The same idea of subdividing the domain in half is used in several graph/mesh partitioning techniques for finite element meshes [1315]. Those techniques are also used in mesh generation when a background mesh is available for decomposition, such as in [4, 9, 1622]. Other works consider each element of the background mesh as a subdomain for mesh generation, such as [2225]. The techniques that use elements or groupings of elements of a background mesh to decompose the domain are classified as discrete domain decomposition (DDD) techniques in [26]. In those techniques, after determining the subdomains, their interfacing meshes, as well as the original surface mesh, are refined and each subdomain is meshed independently.

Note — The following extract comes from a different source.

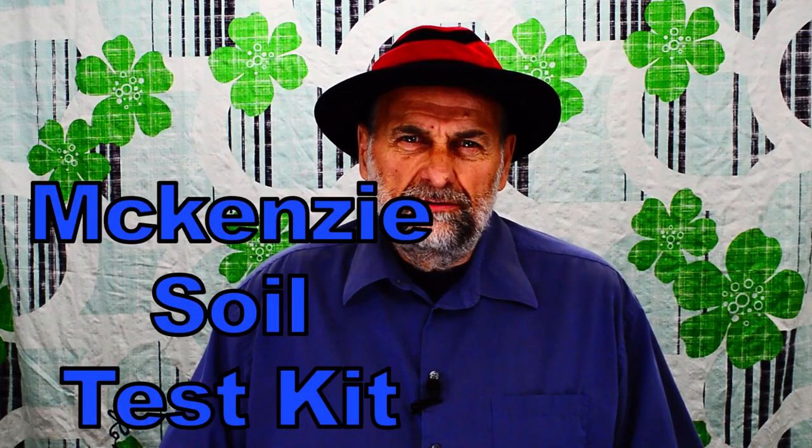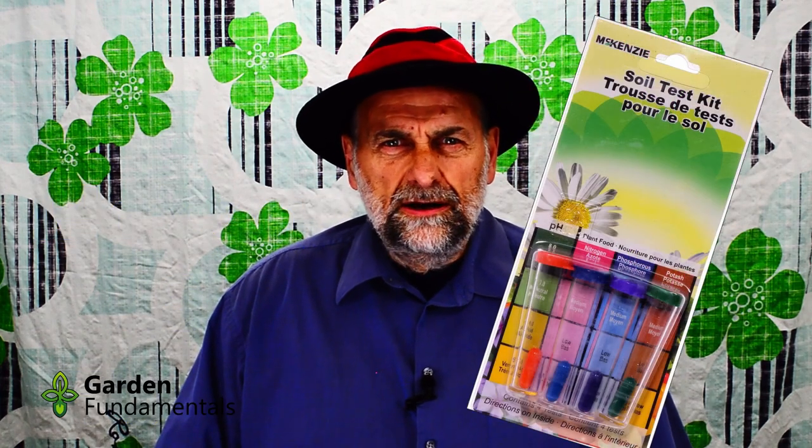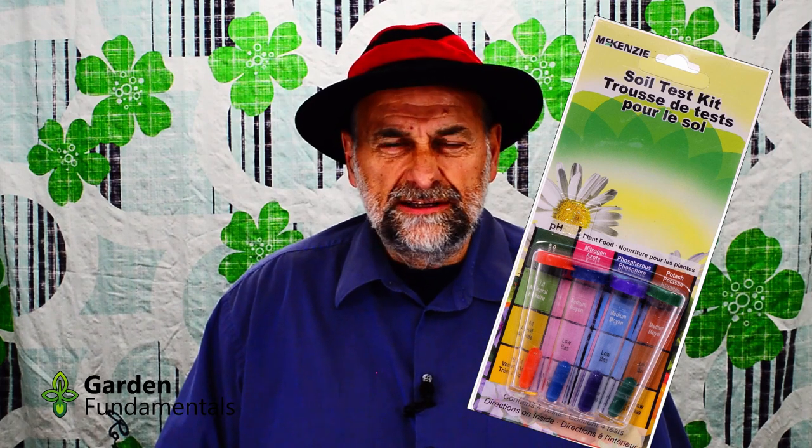In today's video, I'm going to review the McKenzie Soil Test Kit. I'll tell you about the kit, show you how to use it, and then I'll compare the results to results that I got from a professional soil testing lab.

Techniques that do not use a background mesh are classified as continuous domain decomposition (CDD) techniques in the same work, and can use any method to decompose the domain. Therefore, in addition to recursive binary subdivision [412], as mentioned before, blocks [2730], recursive spatial decompositions (quadtrees or octrees) [3134], spatial sorting [35], and data structure partitioning [36] are also among the possible choices. As pointed out in [26], techniques that generate the interfacing mesh a priori might create artifacts in the interior of the mesh that degrade its final quality. This can happen both with CDD as well as with DDD techniques.

Several parallel meshing techniques have been proposed in the literature: 2D Delaunay techniques [2729, 31, 35, 36]; 3D Delaunay technique [30]; combination of AFT with template meshing [32]; AFT [21, 33, 34]. Those AFT-based parallel techniques advance faces so that they do not cross the subdomain’s limits, defined by either the leaf-cells of a quadtree [34], the leaf-cells of an octree [32, 33], or the partitioning of a mesh [21]. After that, to generate the interfacing meshes, several strategies have been proposed: hierarchical front repartitioning [32]; subdomain shifts [33, 34]; and graph-coloring scheme to determine the communication patterns [21]. Since the interfacing meshes are generated after the generation of the meshes in the subdomains, these techniques are called a posteriori.

The work presented here shares similarities with some of the aforementioned works. It subdivides the domain in half, such as in [412]. While the work in [12] uses a kd-tree, the work presented here uses a binary spatial partitioning (BSP) data structure, such as in [9], which can be seen as a generalization of a kd-tree. Similar to what is done in [11, 34], a quadtree/octree is used to estimated the load, but, in this work, the positioning of the decomposing plane is performed differently. Unlike the strategy used in [411], the interfacing meshes are generated a posteriori, similarly to what is done in [12, 21, 3234]. Like in [12], the interfacing meshes are generated as the algorithm climbs up the tree. Unlike what is done in [12] and similar to what is done in [11, 21, 33, 34], the meshes are generated using solely an advancing front technique. Additionally, none of the related works address all the requirements cited in Sect. 1, which is the main objective of this work, especially in effectively dealing with cracks.

3 Description of the parallel technique

The technique presented here works for two- and three-dimensional models. However, despite the focus being on 3D cases, 2D illustrations are used only for the sake of clarity. The technique receives as input a list of triangular faces describing one or more objects, which might have holes or cracks. This boundary representation, which is the initial advancing front, defines a domain that is decomposed by an axis-aligned binary spatial partitioning (BSP) tree, built in such a way that the amount of work (the load) in each subdomain (a leaf of the BSP tree) is approximately the same. The load is estimated using a fine octree that represents the density distribution over the domain.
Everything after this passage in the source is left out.